Published in final edited form as: Soc Neurosci. 2015 Aug 25;10(5):474–478. doi: 10.1080/17470919.2015.1070198

Parental buffering of fear and stress neurobiology: Reviewing parallels across rodent, monkey, and human models

Megan R Gunnar 1, Camelia E Hostinar 2, Mar M Sanchez 3, Nim Tottenham 4, Regina M Sullivan 5,6
PMCID: PMC5198892  NIHMSID: NIHMS836294  PMID: 26234160

Abstract

It has been long recognized that parents exert profound influences on child development. Dating back to at least the seventeenth-century Enlightenment, the ability for parents to shape child behavior in an enduring way has been noted. Twentieth-century scholars developed theories to explain how parenting histories influence psychological development, and since that time, the number of scientific publications on parenting influences in both human and nonhuman animal fields has grown at an exponential rate, reaching numbers in the thousands by 2015. This special issue describes a symposium delivered by Megan Gunnar, Regina Sullivan, Mar Sanchez, and Nim Tottenham in the Fall of 2014 at the Society for Social Neuroscience. The goal of the symposium was to describe the emerging knowledge on neurobiological mechanisms that mediate parent–offspring interactions across three different species: rodent, monkey, and human. The talks were aimed at designing testable models of parenting effects on the development of emotional and stress regulation. Specifically, the symposium aimed at characterizing the special modulatory (buffering) effects of parental cues on fear- and stress-relevant neurobiology and behaviors of the offspring and to discuss examples of impaired buffering when the parent–infant relationship is disrupted.

Keywords: Parents, Social buffering, Fear, Stress, Amygdala, Prefrontal cortex

PARENTAL SOCIAL BUFFERING

Humans and other altricial species are dependent on parental care during early development. High-quality care not only reduces infants’ distress and buffers their stress physiology (Gunnar & Donzella, 2002; Hennessy, Kaiser, & Sachser, 2009), but also affects the neurobehavioral and cognitive development of the infant (Tang, Reeb-Sutherland, Romeo, & McEwen, 2014), has persistent influences on its gene transcription (Champagne, 2013; McGowan, Sasaki, & Roth, 2014; Meaney & Szyf, 2005), and regulates what it learns about the environment (Sorce, Emde, Campos, & Klinnert, 1985). This is well established, and there are well-developed theories surrounding these phenomena. Furthermore, it is well known that when we are young and dependent on adult care for survival, the mere presence of attachment figures can block the activation of stress physiology even when the infant is expressing strong behavioral distress (Levine, Johnson, & Gonzalez, 1985; Nachmias, Gunnar, Mangelsdorf, Parritz, & Buss, 1996). This effect is known as parental social buffering. What remains less worked out in both humans and other species are the neurobiological underpinnings for these early stress-buffering processes and for the parental modulation of learning and adaptation to the environment.

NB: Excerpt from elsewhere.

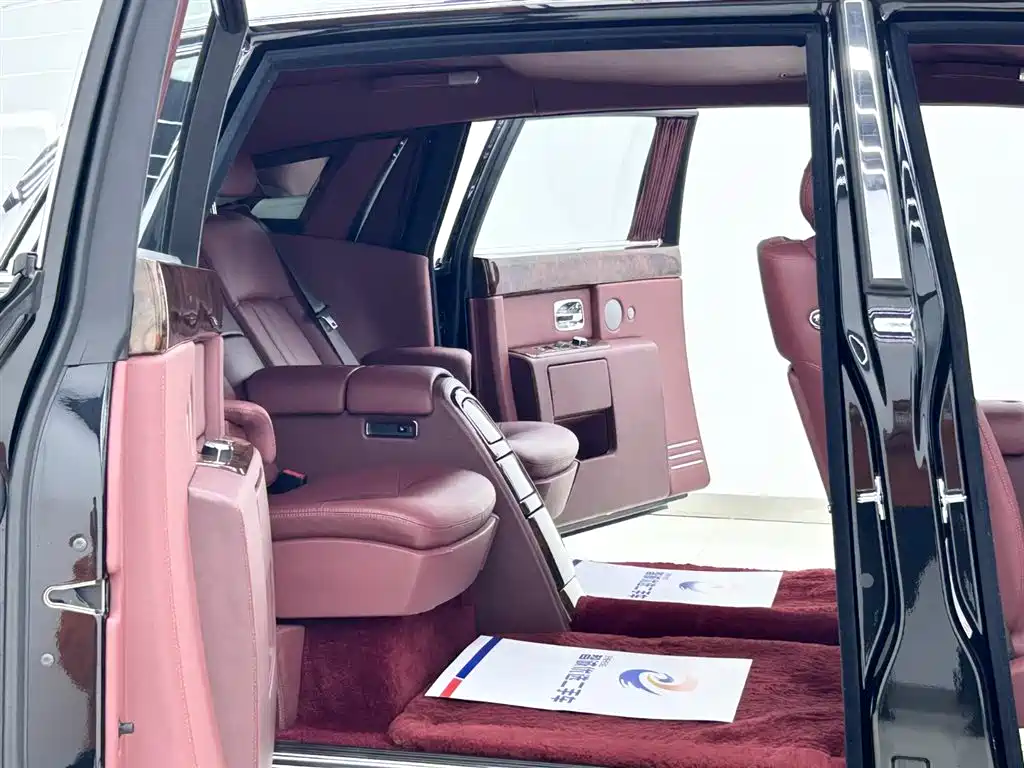 Rolls-Royce Phantom 2014 2013 6.7L Extended Wheelbase (EWB)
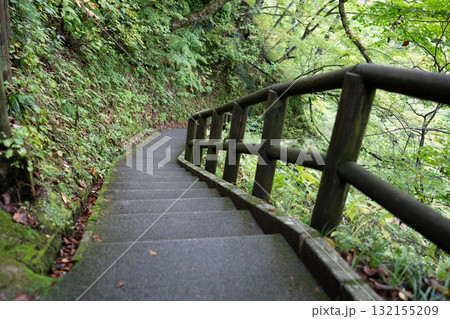 小安峡大噴湯の遊歩道の石段 小安峡大噴湯の遊歩道の石段 132155209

In adulthood, members of many social species gain emotional relief from the presence of conspecifics, especially if there is previous familiarity with these social partners (Hostinar, Sullivan, & Gunnar, 2014; Kikusui, Winslow, & Mori, 2006). For instance, neuroimaging studies in human adults suggest that romantic partners can dampen neural activation to threat (Coan, Schaefer, & Davidson, 2006) or pain (Eisenberger et al., 2011). It is not clear, however, the extent to which the neurobiology of social buffering of fear and pain in adulthood is similar to such phenomena in infancy, childhood, and adolescence or whether the social buffering of fear undergoes changes with development, similar or related to effects observed with the neurobiology of fear learning/extinction (see below). It is also not known whether studies examining stress responses of the hypothalamic-pituitary-adrenocortical (HPA) and sympathetic-adrenomedullary (SAM) systems are studying the same phenomena as the work on the social buffering of fear emotions. Work on social buffering of these neuroendocrine stress systems among human adults has shown that such buffering may be more effective for men and/or may require physical contact for women (e.g., Ditzen et al., 2007; Kirschbaum, Klauer, Filipp, & Hellhammer, 1995) and can be observed even when participants describe no reductions in emotional responses to the threatening event. To complicate issues even further, there is emerging evidence that cultural norms and practices shape expectations about social support and influence the types of support that are effective in dampening physiological stress responses (Taylor, Welch, Kim, & Sherman, 2007).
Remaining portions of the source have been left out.